Each knife Andy designs starts with specific steels. “I choose a few to use that aren’t as common in mass-produced knives. I use CPM154, 01 tool steel, Elmax, Magnacut, 440c, [52100] and  various Damascus steel blends (folded steel). Alabama Damascus is a company that provides some Damascus patterns. I make other patterns myself like San Mai 416ss/nickel/52100/nickel/416ss.”

The process of forging, grinding, heat-treating and polishing are extremely tedious. Once the knife blade is complete, the handle is designed.

“I consider each knife and the environment it will be used in. My handle material is sourced from recycled or repurposed materials I find locally: fallen trees in the neighborhood, old leather from boots and belts and various other collected materials,” Andy says.

Once the knife is completed, it gets a “birth card” that records the materials used, where they were sourced and its Rockwell Scale hardness – a scale based on the indentation hardness of a material. There are multiple scales to measure hardness.
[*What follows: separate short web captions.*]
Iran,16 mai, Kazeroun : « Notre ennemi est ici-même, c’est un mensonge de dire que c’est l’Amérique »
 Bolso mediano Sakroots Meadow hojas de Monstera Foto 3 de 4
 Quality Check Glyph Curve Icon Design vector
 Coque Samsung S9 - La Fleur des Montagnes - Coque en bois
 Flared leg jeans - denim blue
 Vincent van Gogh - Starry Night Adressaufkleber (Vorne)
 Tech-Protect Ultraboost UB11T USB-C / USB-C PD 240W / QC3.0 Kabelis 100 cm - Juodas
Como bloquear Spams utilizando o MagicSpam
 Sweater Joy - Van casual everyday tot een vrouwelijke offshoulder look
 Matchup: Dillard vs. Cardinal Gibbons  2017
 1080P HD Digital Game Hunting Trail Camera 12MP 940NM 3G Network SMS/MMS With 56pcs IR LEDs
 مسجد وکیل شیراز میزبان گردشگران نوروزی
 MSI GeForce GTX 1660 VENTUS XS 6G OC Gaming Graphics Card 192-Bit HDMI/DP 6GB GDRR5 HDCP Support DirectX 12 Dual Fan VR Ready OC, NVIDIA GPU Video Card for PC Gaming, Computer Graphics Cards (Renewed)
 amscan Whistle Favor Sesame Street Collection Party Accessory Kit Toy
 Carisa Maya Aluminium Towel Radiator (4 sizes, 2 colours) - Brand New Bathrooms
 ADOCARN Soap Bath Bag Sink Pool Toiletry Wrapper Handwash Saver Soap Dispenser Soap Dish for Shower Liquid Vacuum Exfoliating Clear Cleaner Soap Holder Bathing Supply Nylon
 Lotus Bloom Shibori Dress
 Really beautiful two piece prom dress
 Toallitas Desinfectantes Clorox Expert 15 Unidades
Rockwell (HC or HRC) also has Rockwell scales A, B and C. It is common practice to use Rockwell C when dealing with knife hardness due to the range of hardnesses that bladesmiths encounter and the materials used.

On custom commissioned knives, Andy says he likes to work with clients to meet their needs by using materials they provide or his own. It can take anywhere from 15 to 30 or more hours to create the blade.

On a recent commission for Chef Charlie Layton of Charleston, South Carolina, Andy used black locust from Edgewood Knives’s namesake, Edgewood Boulevard, for the main handle. “Black locust was a lucky find,” he says. “It is a wood known for its durability and resistance to rot.”

Chef Layton found Edgewood Knives through a mutual friend and immediately contacted Andy for his custom set. “Charlie is passionate about his food and craft while also very conscious and considerate about culture and the environment around him,” Andy says. “This was a good match, and we nailed down the blade steel he desired and general knife design.”


Fitting for a chef, the aluminum spacers in the creation are fashioned from parts of a road sign and a cookie sheet some fly fishermen found in the Cahaba River. “In all, I feel this knife set reflects Edwood Knives’s sentimental approach while also meeting the client’s need with a truly unique knife with a soul,” he explains.

Each knife made is a handcrafted tool and an heirloom at the same time. The creations range anywhere from $150-$900, depending on design and materials. The knives are made to be used and also to stand the test of time, so they can be passed down from generation to generation. To date, Andy says he has raised around $1,075 through his knives for organizations that help preserve local waterways such as Friends of Shades Creek, Cahaba River Society, Cahaba Riverkeeper, Alabama River Alliance, Coosa Riverkeeper and Native Fish Coalition.

“I hope we as a community can do the same to preserve the unique and beautiful natural resources right in our own backyards,” he says.